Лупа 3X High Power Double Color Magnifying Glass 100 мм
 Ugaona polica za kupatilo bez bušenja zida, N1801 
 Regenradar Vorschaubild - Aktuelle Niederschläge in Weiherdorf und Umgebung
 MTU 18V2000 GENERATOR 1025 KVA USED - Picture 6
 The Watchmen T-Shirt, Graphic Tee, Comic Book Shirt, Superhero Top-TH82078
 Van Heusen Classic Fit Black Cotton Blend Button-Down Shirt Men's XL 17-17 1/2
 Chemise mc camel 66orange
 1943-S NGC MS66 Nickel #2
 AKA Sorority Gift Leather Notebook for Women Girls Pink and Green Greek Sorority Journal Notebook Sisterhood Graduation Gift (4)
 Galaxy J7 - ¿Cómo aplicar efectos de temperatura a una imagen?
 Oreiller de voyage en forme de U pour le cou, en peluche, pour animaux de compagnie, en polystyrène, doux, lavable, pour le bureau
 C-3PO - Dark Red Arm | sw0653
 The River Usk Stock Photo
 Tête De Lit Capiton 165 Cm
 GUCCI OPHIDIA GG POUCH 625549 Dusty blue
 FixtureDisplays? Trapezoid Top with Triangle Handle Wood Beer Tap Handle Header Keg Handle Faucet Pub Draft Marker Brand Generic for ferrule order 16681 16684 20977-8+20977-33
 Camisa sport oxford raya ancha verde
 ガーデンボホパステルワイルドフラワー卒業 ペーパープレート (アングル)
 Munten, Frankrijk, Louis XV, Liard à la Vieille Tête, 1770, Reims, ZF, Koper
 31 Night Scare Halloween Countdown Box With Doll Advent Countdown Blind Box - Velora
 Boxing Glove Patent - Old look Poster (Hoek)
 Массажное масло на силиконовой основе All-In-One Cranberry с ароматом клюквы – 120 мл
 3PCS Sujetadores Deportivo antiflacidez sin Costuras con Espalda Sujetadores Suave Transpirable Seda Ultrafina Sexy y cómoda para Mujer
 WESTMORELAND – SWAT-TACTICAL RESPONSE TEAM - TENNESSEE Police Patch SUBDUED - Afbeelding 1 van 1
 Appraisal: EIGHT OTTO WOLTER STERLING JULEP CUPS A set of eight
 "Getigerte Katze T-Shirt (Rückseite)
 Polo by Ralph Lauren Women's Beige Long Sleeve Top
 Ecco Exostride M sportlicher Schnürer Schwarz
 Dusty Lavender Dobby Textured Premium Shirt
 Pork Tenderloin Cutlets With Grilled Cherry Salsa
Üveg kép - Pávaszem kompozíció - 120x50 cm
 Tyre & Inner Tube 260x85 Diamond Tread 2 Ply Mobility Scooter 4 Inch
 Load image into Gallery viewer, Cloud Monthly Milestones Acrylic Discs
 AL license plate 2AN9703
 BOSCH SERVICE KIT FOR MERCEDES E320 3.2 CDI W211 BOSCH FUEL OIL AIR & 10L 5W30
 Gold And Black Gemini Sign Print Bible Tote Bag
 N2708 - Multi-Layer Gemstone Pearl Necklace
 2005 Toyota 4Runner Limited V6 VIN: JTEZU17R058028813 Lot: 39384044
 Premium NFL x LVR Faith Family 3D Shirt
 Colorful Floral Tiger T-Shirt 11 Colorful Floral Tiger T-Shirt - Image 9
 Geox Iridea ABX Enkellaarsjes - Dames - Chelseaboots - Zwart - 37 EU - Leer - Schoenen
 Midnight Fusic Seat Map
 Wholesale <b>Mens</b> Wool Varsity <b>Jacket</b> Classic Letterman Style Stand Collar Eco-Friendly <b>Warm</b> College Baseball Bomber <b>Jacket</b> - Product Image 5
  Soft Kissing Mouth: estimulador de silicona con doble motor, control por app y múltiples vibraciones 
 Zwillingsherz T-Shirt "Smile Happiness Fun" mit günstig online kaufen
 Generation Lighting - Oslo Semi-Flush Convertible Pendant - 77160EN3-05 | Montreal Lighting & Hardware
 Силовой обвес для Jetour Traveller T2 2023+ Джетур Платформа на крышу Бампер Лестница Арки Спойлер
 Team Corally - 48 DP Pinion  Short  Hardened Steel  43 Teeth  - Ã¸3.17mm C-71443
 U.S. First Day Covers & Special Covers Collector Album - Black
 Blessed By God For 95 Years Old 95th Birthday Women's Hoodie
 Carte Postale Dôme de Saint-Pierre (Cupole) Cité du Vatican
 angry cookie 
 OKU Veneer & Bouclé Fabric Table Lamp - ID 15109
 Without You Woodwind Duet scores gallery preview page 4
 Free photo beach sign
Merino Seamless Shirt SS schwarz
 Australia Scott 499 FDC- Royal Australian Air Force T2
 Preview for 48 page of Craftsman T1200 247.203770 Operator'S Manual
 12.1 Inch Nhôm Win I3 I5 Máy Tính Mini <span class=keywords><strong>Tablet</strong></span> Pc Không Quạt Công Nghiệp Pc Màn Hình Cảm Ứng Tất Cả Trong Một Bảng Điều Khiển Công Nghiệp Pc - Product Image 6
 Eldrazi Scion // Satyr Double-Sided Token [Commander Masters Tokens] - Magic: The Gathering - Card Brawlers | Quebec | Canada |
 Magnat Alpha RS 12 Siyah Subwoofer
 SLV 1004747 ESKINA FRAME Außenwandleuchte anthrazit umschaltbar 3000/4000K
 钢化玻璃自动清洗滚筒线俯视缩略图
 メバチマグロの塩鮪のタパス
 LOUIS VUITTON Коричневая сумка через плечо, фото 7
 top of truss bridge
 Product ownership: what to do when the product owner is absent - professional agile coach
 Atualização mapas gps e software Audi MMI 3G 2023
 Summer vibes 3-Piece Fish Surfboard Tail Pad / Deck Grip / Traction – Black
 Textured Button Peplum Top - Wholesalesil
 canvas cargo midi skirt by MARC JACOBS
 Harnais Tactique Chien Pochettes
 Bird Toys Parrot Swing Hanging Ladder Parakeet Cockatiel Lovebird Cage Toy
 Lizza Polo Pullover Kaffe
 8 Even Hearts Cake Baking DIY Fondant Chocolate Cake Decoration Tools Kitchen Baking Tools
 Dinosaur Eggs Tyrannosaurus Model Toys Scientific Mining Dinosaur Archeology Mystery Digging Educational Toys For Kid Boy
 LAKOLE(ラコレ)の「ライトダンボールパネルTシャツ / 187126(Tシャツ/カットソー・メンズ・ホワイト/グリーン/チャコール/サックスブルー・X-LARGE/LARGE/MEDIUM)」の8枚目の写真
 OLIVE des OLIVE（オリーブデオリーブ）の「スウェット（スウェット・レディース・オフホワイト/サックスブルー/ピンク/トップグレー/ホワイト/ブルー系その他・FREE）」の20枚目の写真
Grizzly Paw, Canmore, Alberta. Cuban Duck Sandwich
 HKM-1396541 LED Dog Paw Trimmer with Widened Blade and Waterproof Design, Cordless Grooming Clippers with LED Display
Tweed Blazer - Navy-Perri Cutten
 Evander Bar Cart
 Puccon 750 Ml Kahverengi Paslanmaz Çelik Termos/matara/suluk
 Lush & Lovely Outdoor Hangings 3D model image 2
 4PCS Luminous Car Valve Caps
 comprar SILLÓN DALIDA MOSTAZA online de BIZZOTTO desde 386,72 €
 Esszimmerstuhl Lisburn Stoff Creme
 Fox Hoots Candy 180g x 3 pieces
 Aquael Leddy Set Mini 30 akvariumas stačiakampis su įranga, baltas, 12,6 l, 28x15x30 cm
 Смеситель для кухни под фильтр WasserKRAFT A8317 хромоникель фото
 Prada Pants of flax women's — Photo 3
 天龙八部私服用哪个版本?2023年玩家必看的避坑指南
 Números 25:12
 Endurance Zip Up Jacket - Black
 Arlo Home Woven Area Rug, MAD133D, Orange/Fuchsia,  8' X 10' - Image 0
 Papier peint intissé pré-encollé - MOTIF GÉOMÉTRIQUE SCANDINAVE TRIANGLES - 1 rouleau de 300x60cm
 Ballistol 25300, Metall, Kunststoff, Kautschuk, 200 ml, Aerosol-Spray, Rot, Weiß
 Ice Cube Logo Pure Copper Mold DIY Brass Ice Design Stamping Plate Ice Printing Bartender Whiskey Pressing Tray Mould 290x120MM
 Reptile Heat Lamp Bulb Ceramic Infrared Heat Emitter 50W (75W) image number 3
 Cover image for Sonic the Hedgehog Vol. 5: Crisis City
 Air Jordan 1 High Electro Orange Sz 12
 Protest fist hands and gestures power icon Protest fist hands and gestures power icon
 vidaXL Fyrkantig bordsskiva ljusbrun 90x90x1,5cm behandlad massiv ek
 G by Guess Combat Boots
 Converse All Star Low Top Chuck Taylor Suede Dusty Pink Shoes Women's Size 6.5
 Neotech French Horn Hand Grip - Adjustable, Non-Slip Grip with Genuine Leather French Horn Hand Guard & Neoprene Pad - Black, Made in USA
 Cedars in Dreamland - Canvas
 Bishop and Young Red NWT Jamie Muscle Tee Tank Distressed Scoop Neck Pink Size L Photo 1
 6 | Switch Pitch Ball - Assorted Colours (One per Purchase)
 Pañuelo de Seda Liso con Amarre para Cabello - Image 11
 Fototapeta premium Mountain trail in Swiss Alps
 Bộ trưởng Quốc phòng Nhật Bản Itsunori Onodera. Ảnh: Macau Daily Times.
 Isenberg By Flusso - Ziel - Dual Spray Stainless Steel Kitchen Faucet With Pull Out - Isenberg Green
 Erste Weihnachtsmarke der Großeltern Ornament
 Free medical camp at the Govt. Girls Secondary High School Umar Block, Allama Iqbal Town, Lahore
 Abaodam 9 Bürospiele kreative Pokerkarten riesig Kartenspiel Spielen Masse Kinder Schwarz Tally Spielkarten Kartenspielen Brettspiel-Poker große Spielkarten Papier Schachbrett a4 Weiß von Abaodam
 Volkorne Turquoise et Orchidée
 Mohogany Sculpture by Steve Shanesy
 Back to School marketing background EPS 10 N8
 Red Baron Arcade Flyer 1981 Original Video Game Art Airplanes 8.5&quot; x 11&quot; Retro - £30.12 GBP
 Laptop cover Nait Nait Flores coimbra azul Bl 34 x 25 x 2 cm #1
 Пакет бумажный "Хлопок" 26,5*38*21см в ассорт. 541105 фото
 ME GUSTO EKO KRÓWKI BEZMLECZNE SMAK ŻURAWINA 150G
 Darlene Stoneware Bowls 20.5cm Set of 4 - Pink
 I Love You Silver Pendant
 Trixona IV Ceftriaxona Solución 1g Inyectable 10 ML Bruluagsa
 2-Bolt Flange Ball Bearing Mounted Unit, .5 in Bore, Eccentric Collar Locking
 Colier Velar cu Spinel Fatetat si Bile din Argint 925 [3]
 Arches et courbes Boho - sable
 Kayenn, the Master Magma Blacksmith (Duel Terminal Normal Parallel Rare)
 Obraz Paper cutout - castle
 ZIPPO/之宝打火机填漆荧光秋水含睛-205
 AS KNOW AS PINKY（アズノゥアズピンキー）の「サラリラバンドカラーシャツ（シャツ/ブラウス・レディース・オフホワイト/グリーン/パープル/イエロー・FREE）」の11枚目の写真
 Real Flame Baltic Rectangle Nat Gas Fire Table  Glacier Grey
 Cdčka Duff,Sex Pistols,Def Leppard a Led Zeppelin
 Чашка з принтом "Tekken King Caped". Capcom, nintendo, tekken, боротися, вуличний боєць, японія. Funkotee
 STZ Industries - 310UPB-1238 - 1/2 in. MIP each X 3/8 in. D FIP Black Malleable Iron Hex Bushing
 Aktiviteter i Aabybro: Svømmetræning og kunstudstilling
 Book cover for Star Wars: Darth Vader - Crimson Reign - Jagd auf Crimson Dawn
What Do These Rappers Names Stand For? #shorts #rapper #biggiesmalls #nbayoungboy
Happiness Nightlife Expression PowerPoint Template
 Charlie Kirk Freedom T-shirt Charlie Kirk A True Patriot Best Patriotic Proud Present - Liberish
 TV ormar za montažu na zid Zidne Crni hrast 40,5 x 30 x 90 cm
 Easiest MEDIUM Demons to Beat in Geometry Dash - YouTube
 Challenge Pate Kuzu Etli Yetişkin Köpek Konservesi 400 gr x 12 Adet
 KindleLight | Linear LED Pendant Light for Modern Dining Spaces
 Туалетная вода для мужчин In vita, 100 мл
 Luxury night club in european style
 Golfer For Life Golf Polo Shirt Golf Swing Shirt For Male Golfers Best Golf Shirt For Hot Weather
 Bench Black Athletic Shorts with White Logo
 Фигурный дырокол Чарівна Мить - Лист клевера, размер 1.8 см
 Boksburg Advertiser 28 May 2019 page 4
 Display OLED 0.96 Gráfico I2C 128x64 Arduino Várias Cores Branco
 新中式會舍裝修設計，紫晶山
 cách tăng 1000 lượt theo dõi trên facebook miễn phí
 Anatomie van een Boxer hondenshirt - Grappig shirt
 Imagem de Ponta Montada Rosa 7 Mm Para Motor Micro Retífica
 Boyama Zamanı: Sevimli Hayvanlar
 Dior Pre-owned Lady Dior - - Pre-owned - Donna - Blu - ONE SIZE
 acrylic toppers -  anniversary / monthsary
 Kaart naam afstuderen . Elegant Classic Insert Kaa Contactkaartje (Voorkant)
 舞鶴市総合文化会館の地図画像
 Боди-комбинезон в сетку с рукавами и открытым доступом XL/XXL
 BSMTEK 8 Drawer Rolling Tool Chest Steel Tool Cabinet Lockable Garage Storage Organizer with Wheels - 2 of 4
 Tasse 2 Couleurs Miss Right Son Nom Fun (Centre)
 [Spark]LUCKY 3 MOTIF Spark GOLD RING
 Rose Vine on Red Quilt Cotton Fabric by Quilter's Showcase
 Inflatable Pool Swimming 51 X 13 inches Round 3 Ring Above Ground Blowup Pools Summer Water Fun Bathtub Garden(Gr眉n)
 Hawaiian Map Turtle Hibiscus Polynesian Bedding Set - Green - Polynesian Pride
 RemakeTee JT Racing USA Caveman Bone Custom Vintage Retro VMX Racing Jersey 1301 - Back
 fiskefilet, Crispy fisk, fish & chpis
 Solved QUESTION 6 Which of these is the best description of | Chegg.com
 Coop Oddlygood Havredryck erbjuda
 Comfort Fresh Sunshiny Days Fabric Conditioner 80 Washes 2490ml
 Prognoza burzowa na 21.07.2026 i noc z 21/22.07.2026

---------------

> _TASK DETAILS_
Nothing but an exact copy of the lines from the first one above through the line holding "Массажное масло на" should be returned.

> _THE COMPLETED TASK_
Лупа 3X High Power Double Color Magnifying Glass 100 мм
 Ugaona polica za kupatilo bez bušenja zida, N1801 
 Regenradar Vorschaubild - Aktuelle Niederschläge in Weiherdorf und Umgebung
 MTU 18V2000 GENERATOR 1025 KVA USED - Picture 6
 The Watchmen T-Shirt, Graphic Tee, Comic Book Shirt, Superhero Top-TH82078
 Van Heusen Classic Fit Black Cotton Blend Button-Down Shirt Men's XL 17-17 1/2
 Chemise mc camel 66orange
 1943-S NGC MS66 Nickel #2
 AKA Sorority Gift Leather Notebook for Women Girls Pink and Green Greek Sorority Journal Notebook Sisterhood Graduation Gift (4)
 Galaxy J7 - ¿Cómo aplicar efectos de temperatura a una imagen?
 Oreiller de voyage en forme de U pour le cou, en peluche, pour animaux de compagnie, en polystyrène, doux, lavable, pour le bureau
 C-3PO - Dark Red Arm | sw0653
 The River Usk Stock Photo
 Tête De Lit Capiton 165 Cm
 GUCCI OPHIDIA GG POUCH 625549 Dusty blue
 FixtureDisplays? Trapezoid Top with Triangle Handle Wood Beer Tap Handle Header Keg Handle Faucet Pub Draft Marker Brand Generic for ferrule order 16681 16684 20977-8+20977-33
 Camisa sport oxford raya ancha verde
 ガーデンボホパステルワイルドフラワー卒業 ペーパープレート (アングル)
 Munten, Frankrijk, Louis XV, Liard à la Vieille Tête, 1770, Reims, ZF, Koper
 31 Night Scare Halloween Countdown Box With Doll Advent Countdown Blind Box - Velora
 Boxing Glove Patent - Old look Poster (Hoek)
 Массажное масло на силиконовой основе All-In-One Cranberry с ароматом клюквы – 120 мл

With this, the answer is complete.